You can add parser unit tests to the new operator to test and verify that the parsing functionality of the new operator works. The parser unit test must contain a JSON representation of a simple network that contains an input layer and the expected output values. For example, inputLayer→<newLayer>→outputLayer.

The parser unit test infrastructure parses the network graph into an Arm NN format, then executes and compares the output values with the expected output values.

The parser unit tests are in armnn/src/armm<X_Parser>/test.

Add Android NN support

The Android NN driver is an implementation of the Android NN driver HAL which uses the Arm NN library to execute neural network interfaces.

Support for new operators is introduced in different Android versions. To indicate this, each Android version has a corresponding HAL policy:

  • NeuralNetworks HAL 1.0 - The first HAL, present from Android OMR1
  • NeuralNetworks HAL 1.1 - Present from Android P
  • NeauralNetwork HAL 1.2 - Present from Android Q

The HalPolicy for each HAL version is in /android-nn-driver/1.X/HalPolicy.hpp where X represents the version.

Refer to the Android NeuralNetwork documentation to see which HAL policy supports a given operator. Related information includes a link to the Android NeuralNetwork documentation.

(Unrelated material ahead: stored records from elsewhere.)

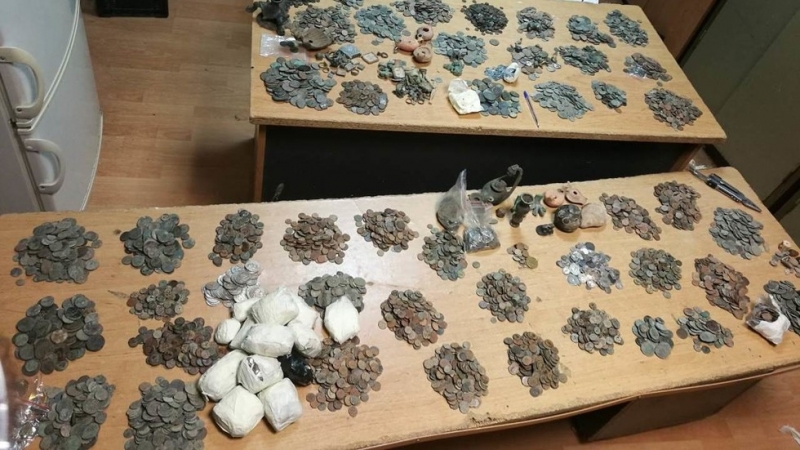 Голямо количество старинни монети фигурки пръстени и изделия от камък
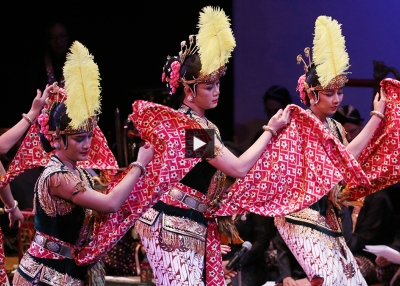 Dancers and musicians of the court of Yogyakarta perform at 老澳门开奖网 New York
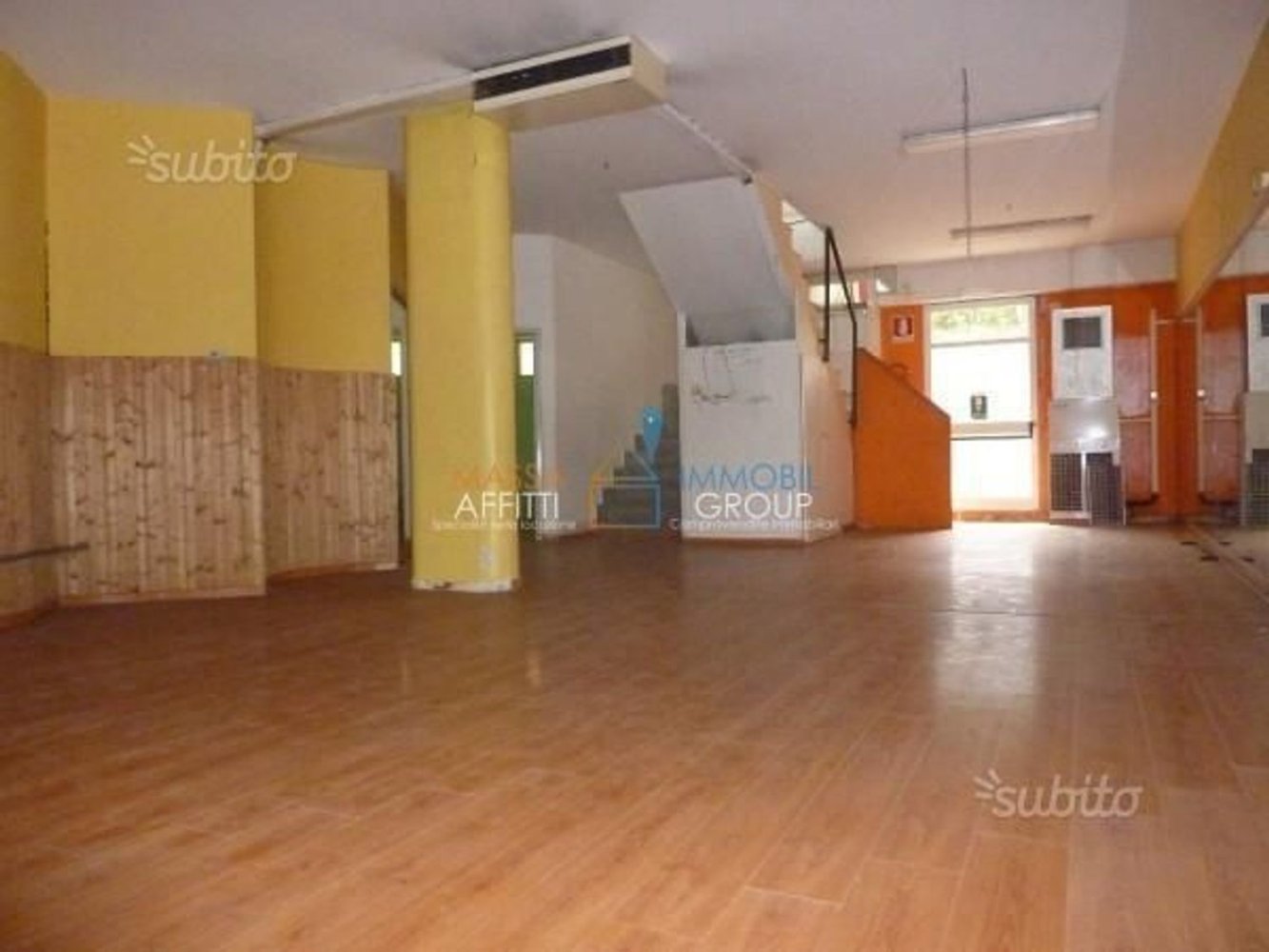 315m² Commercial property in Massa, Italy No. 39671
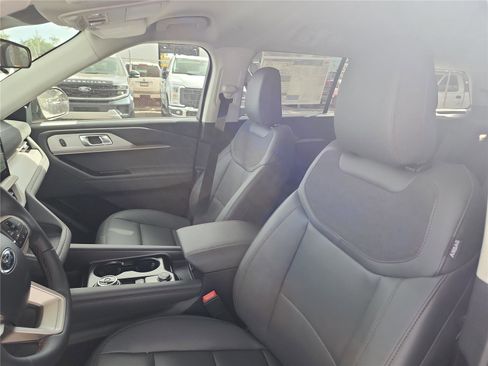 New 2026 Ford Explorer Active w/ Active Comfort Package image 13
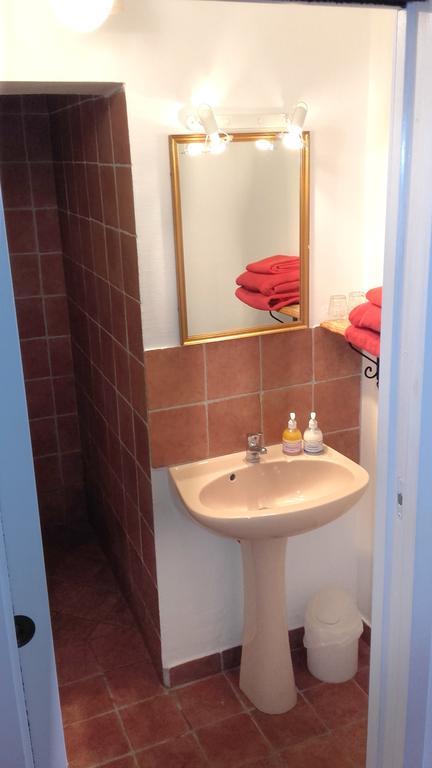 Le Vieux Vauvert Bed & Breakfast Rochecorbon Exterior photo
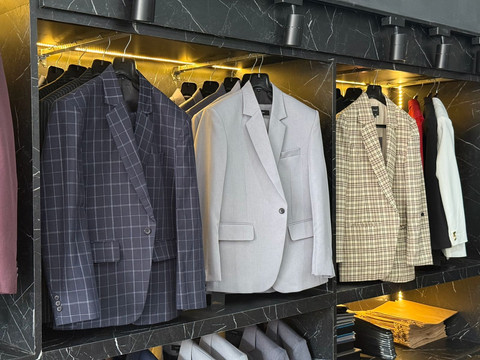 Berbagai model jas yang tersedia di offline store Goldy. Foto: Yusuf Hay/Pandangan Jogja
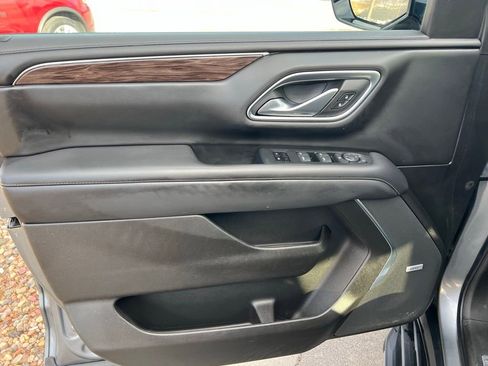 Used 2021 Chevrolet Tahoe LT w/ Rear Media and Nav Package image 15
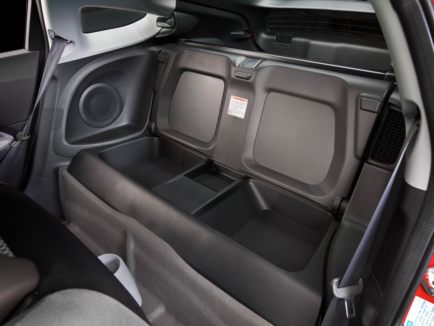 2011 Honda CR-Z interior rear package shelf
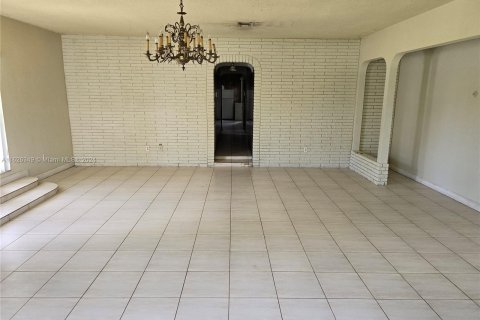 Villa ou maison à vendre à Miami Gardens, Floride: 3 chambres, 203.46 m2 № 1281241 - photo 8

  1. Declare the Convert<LayerName> function to each HalPolicy.hpp that supports the operator. The following code shows an example declaration for a SoftmaxLayer function to android-nn-driver/1.2/HalPolicy.hpp:
  2. private:
    static bool ConvertSoftmax(const Operation& operation, const Model& model, ConversionData& data);
  3. Define a Convert<LayerName>() function in the HalPolicy.cpp file for each HAL policy that supports the layer. Ensure that this function returns a Convert<LayerName>() function that is shared with all HAL Policies that support this operator. The following code shows this addition and function creation for an example SoftmaxLayer operator:
    bool HalPolicy::ConvertOperation(const Operation& operation, const Model& model, ConversionData& data)
    {
        switch (operation.type)
        {
            ...
            case V1_2::OperationType::SOFTMAX:
                return ConvertSoftmax(operation, model, data);...
    ...
    bool HalPolicy::ConvertSoftmax(const Operation& operation, const Model& model, ConversionData& data)
    {
        ALOGV("hal_1_2::HalPolicy::ConvertSoftmax()");
        return ::ConvertSoftmax<hal_1_2::HalPolicy>(operation, model, data);
    }
  4. Implement the Convert<LayerName>() function in the ConversionUtils.hpp file that corresponds to the earliest HAL policy that supports the operator. The available ConversionUtils.hpp files are:
    • android-nn-driver/ConversionUtils.hpp for HAL policy 1.0 and 1.1.
    • android-nn-driver/ConversionUtils.hpp_1_2 for HAL policy 1.2,
    • android-nn-driver/ConversionUtils_1_3.hpp for HAL policy 1.3.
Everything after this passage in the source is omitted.